I had been thinking of moving to co2 but can't see the point anymore now that I have educated myself about all options.

walstad method will be cheaper and less hassle than high tech - definitely the right way forward for me. Also I think its as close to nature as you can get when it comes to the hobby which I really like.

Ill post some pics up when I get round to resetting the tank.


----------



## alto (12 Feb 2016)

I've not read the book in years but check your edition for updates/edits as she has changed/clarified some details since it's initial publication


----------



## Tim Harrison (12 Feb 2016)

Another convert...it's amazing what you can achieve the Walstad Way, it takes a little longer but it helps enormously if you choose your plants to suit. It's how I started over 35 years ago as a child.


----------



## dw1305 (13 Feb 2016)

Hi all, 





dan4x4 said:


> Bought the book, I'm about half way through it. Just want to say I'm enjoying it and its very interesting and in depth. I also find its well set out in a way that makes sense, anyone getting into this hobby would highly benefit from reading it.

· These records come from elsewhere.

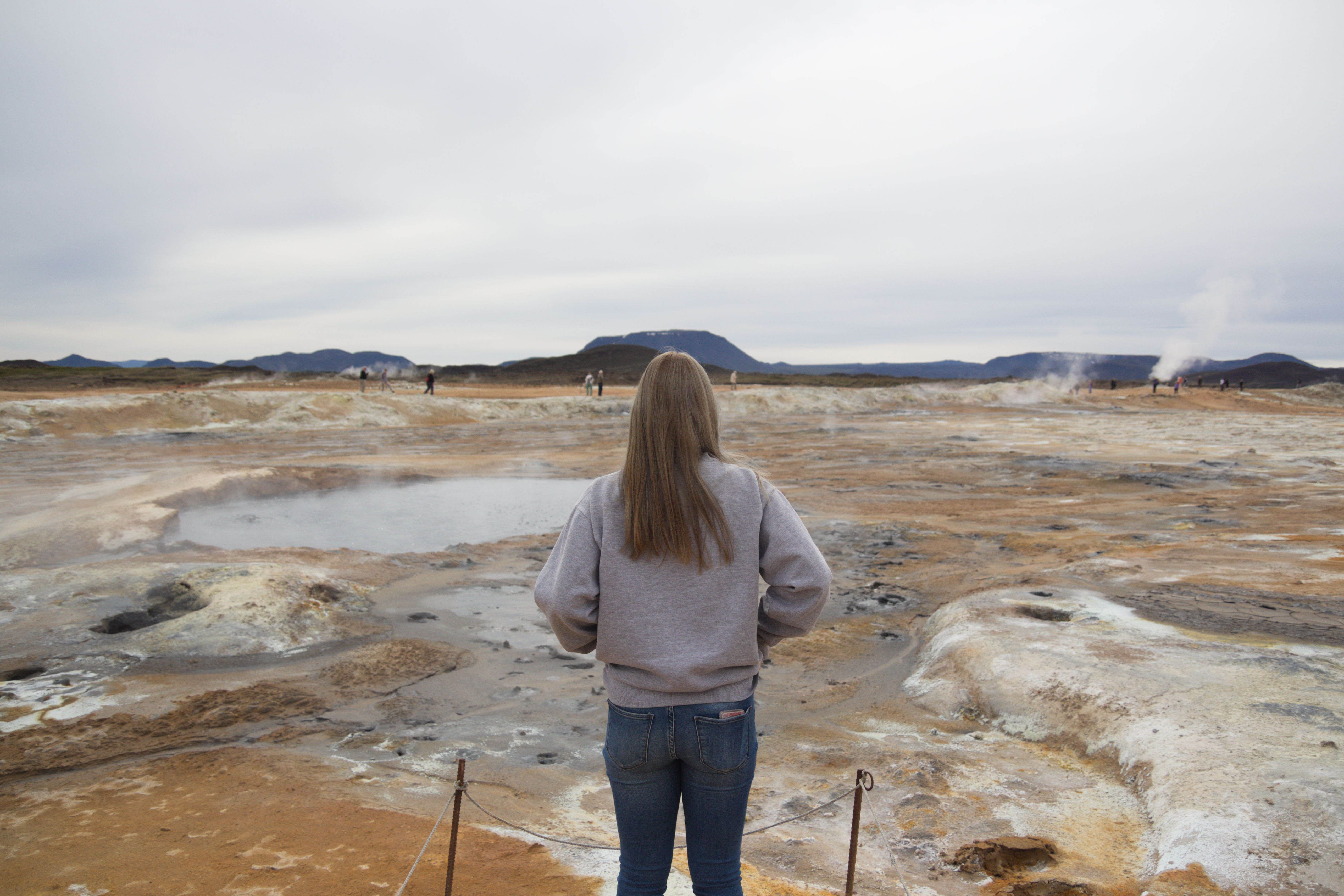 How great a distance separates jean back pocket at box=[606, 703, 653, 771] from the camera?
1.79 m

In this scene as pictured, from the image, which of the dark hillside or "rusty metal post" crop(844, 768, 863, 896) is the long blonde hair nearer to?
"rusty metal post" crop(844, 768, 863, 896)

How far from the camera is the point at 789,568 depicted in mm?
1840

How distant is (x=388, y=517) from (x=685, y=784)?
33.9ft

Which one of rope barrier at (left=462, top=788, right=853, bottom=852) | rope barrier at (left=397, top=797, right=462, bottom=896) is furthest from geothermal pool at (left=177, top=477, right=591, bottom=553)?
rope barrier at (left=462, top=788, right=853, bottom=852)

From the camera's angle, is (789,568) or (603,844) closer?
(789,568)

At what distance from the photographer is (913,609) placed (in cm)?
714

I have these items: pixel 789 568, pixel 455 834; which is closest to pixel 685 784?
pixel 789 568

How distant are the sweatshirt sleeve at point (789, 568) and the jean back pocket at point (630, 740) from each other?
1.22ft

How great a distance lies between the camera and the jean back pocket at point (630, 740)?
179 cm

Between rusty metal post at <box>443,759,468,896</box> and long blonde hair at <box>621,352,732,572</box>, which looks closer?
long blonde hair at <box>621,352,732,572</box>

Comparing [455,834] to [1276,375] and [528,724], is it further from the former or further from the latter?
[1276,375]

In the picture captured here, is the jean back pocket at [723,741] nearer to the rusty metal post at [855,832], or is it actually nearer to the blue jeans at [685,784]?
the blue jeans at [685,784]

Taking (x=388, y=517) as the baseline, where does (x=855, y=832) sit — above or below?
above

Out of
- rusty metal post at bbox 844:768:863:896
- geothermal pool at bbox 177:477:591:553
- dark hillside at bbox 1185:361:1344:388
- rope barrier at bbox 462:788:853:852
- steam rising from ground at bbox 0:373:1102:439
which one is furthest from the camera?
dark hillside at bbox 1185:361:1344:388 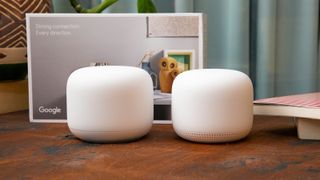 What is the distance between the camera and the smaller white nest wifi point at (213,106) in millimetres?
536

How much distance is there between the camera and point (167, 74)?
0.68 meters

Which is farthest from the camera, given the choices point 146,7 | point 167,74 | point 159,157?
point 146,7

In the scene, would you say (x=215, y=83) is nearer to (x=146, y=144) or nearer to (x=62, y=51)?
(x=146, y=144)

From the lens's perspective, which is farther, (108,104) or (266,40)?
(266,40)

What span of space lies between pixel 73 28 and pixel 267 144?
344mm

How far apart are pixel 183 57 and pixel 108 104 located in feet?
0.60

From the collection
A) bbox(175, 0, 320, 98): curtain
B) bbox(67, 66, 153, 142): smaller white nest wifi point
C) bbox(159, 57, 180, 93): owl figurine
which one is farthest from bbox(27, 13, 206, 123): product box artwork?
bbox(175, 0, 320, 98): curtain

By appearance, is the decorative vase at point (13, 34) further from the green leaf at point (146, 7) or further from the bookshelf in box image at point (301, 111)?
the bookshelf in box image at point (301, 111)

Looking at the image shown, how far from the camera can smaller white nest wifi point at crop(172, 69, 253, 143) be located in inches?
21.1

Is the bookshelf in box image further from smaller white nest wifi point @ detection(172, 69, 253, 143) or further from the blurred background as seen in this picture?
the blurred background

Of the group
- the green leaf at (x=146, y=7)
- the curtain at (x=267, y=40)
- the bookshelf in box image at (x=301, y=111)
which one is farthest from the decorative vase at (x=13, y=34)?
the bookshelf in box image at (x=301, y=111)

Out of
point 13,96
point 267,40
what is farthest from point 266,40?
point 13,96

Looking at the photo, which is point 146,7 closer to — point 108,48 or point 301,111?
point 108,48

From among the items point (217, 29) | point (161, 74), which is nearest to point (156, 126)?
point (161, 74) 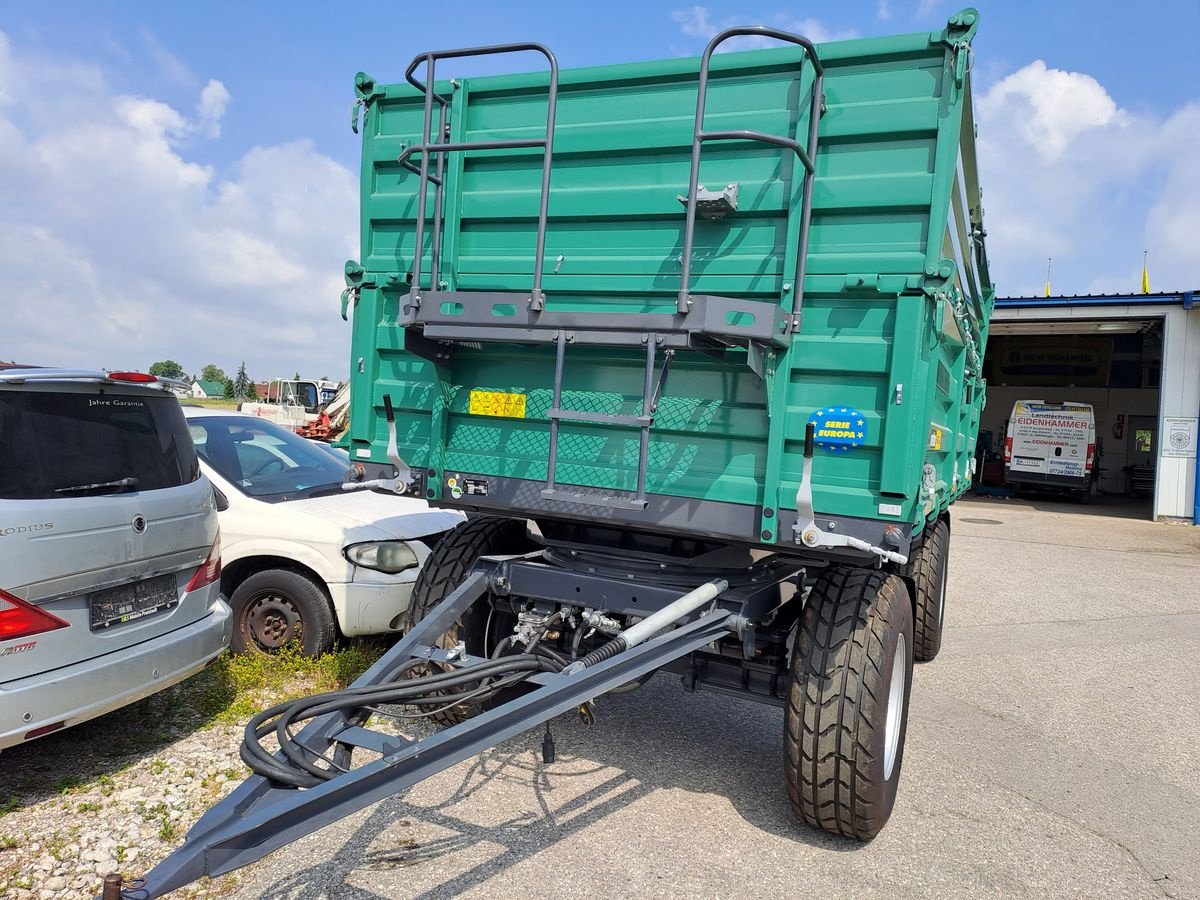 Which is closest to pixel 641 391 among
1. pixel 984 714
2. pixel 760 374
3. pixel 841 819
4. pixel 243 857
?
pixel 760 374

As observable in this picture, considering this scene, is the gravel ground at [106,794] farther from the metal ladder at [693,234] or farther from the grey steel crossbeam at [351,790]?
the metal ladder at [693,234]

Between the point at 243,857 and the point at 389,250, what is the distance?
2.68m

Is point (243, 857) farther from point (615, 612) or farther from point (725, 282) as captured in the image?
point (725, 282)

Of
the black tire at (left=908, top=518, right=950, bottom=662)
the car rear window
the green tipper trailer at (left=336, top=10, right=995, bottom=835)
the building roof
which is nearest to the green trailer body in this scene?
the green tipper trailer at (left=336, top=10, right=995, bottom=835)

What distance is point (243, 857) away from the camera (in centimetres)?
198

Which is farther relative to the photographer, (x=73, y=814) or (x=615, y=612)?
(x=615, y=612)

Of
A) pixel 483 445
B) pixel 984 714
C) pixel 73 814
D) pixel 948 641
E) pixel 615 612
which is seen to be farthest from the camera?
pixel 948 641

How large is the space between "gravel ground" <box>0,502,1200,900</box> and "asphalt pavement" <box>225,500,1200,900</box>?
1 centimetres

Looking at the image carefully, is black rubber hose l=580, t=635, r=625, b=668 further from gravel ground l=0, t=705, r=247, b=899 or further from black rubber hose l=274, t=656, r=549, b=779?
gravel ground l=0, t=705, r=247, b=899

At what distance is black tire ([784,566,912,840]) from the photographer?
3.11 metres

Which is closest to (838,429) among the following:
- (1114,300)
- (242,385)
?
(1114,300)

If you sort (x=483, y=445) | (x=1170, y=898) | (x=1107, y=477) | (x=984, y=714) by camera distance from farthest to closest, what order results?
(x=1107, y=477)
(x=984, y=714)
(x=483, y=445)
(x=1170, y=898)

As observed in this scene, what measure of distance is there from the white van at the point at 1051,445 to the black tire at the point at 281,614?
749 inches

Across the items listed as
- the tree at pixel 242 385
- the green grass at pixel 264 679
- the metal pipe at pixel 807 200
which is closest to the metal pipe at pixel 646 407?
the metal pipe at pixel 807 200
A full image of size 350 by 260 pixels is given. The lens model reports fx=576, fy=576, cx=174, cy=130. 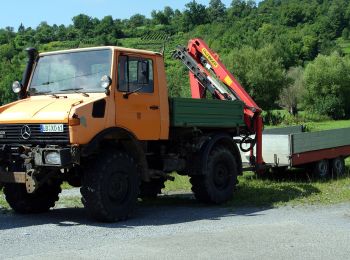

<"Ecology of the Planted Aquarium"> I always recommend it to people, I think it is the book that should be essential reading for any-one who wants to really understand how aquariums "work".  





alto said:


> check your edition for updates/edits as she has changed/clarified some details since it's initial publication


 I think she has suggested that some water movement is a good idea since the initial publication. <"Personally I don't see some biological filtration in the filter as a problem">, and I like regular small volume water changes, but other than that there isn't a lot I don't agree with in the book. 

cheers Darrel


----------



## EnderUK (13 Feb 2016)

it's a very good book and it would a be a great method except for me it's far to messy. I like to play around with my setups more than I probably should. Explaining to the lass why the new carpet is covered in mud after a rescape would a be a real problem for me.


----------



## Jose (13 Feb 2016)

I agree its a great book but. You should see the whole picture. If you try this method your plants will have co2 from decomposition yes but only up to maybe around a year. After this period you could also start running out of certain nutrients. I dont think its a method for the long term or for pickier fish species. Also it wont let you keep many species of plants and there is a lot of trial and error. If it were a great method then I think you would see many more great tanks using it. I do love the book though.


----------



## Tim Harrison (13 Feb 2016)

Not necessarily...I've tried to explain why in my tutorial. But whether you go high or low energy, or anywhere in between (hybrid -energy), soil is a cheap and very effective substrate.


----------



## Jose (13 Feb 2016)

Yes but her method is not only about soil. Its also about adding nothing else (just fish food) to the tank and keeping it as a natural system.


----------



## Tim Harrison (13 Feb 2016)

Yeah I know, but it's still not necessarily so...although I was also thinking about soil as a substrate in broader terms. Maybe something for Dan to consider as well.


----------



## Jose (13 Feb 2016)

I think soil is a fine substrate yes, for most any tank. You dont need to pay the price of ada amazonia. Even inert gravel can work in any tank.


----------



## darren636 (13 Feb 2016)

How deep does a soil layer need to be in order to get things moving?


----------



## Tim Harrison (13 Feb 2016)

Not really that deep. I've used anything from a few cm to around 10cm with similar results. Depends on the scape design I suppose.


----------



## Jose (13 Feb 2016)

I think Diana says the right height in her book so that you dont get anaerobic conditions in it. She also mentions the height of the sand on top of the soil.


----------



## Tim Harrison (13 Feb 2016)

Yes she does...it's important if the soil substrate is to be replenished with nutrients from the water column. The capping material needs to of a grain size and thickness that allows for easy transference of nutrients and gasses, not least O2 to maintain a healthy oxidised microzone.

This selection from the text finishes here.